Writing may well be the most frustrating thing anyone can do. What is more intimidating than a blank page that screams: YOU CANNOT THINK OF ANYTHING, or, more commonly: JUST GIVE UP? So, as writers, what do we do? Strive through that initial blockage and scan your brain for any form of creativity. Go somewhere else other than your desk to revitalise that spark of imagination. Or, like a Shaolin monk, dive into a deep form of meditation.
I’m at this second stage today. Choosing to go to a local café, to see if I can resurrect my poetry, or prose, or whatever you could call it. With my laptop resting on this wooden table, we type in the comfort of a cosy space. The steam from my coffee swirls around, captivating thought and attention as it floats into nothingness…
Bones scattered like keys on a table that had been chucked
Without a thought, care,
Only for the convenience of the board pieces
They were wielding their weapons.
There’s this man coughing at the sofa table by the window. As well as stealing my space, he’s with his work colleagues that have booming and cackling, witch-like laughs. They are in their own little bubble; oblivious to the student, unaware of the old man reading his paper, and unconscious of the lady reading. It reminds me of those adverts, where you see a really uncomfortable video of these business people laughing hysterically, almost as though the true individuals, behind their business façades, were yelling: GET ME OUT OF HERE. Similar to being at a family gathering and the racist uncle has had one too many drinks…
The arena was a lava landscape
The pieces standing on their rocks with the bubble of molten lava around them:
Queen/Kings equipped with Browning machine guns
Bishops equipped with AK’s
Knights equipped with Samurai swords (ability to deflect bullets)
Rooks equipped with Baseball bat
Pawns equipped with a butter knife
A loud crash disturbs my writing as the waiter drops a fork. Great. I’ve lost my writing rhythm. There’s a bookshelf next to the toilets with a sign reading: ‘feel free to swap/borrow or just take!’ Most of the books seem like your average collection of crime, romance and the odd gardening book, but there’s one that catches my eye: ‘The Rise and Fall of the Great Powers’. I’m not sure who it’s by, but it looks interesting to say the least. Obviously, I don’t have the courage to actually go up there and take it, but it’s still nice to admire from a few feet away…
Ha! Slash, Ka-pow, pewwww
The volcano towering over the arena coughed
Spluttered interrupting the duel between the remaining pieces
‘Don’t mean to interrupt you guys, but I think I’m gonna be sick’

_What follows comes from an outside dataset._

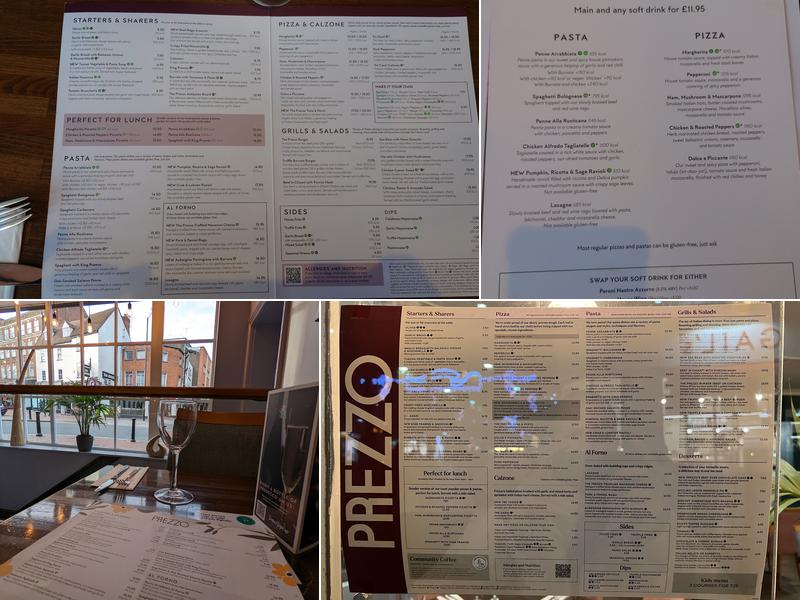 Prezzo Italian Restaurant Reading Menu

Both sets of knights protecting their monarchs looked at each other
With sweat dripping in their eyes and knuckles white on their grips.
[Like one of those scenes in Star Wars when they have a stand off and there’s that awkward moment when they think: ‘Shit, this is real’]
‘Yep, I’m gonna be sick’
Red and Black capes covered the black pieces and they vanished
Leaving the white pieces confused for a second too long as the volcano
Spewed lava onto the wooden board pieces that disintegrated almost instantaneously.